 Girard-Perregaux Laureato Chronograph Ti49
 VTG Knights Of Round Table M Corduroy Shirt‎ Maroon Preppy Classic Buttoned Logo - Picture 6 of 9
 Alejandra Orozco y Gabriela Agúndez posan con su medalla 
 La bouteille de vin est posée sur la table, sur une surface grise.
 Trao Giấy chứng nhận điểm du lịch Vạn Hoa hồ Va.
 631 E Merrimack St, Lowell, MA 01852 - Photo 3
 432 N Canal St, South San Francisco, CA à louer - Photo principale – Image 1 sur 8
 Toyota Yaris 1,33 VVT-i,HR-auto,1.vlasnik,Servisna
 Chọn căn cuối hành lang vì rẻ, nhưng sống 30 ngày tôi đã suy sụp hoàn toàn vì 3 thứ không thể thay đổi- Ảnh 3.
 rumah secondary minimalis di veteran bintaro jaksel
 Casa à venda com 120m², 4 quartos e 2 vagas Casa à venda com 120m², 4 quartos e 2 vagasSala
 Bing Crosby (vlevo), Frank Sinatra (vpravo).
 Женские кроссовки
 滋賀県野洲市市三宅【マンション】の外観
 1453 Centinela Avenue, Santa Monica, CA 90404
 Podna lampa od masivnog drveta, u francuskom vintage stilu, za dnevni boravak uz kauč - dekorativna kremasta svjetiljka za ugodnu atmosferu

━━━━━━

Using the listing above, list every line in which the string "Photo" occurs.

• Problem solution
 631 E Merrimack St, Lowell, MA 01852 - Photo 3
 432 N Canal St, South San Francisco, CA à louer - Photo principale – Image 1 sur 8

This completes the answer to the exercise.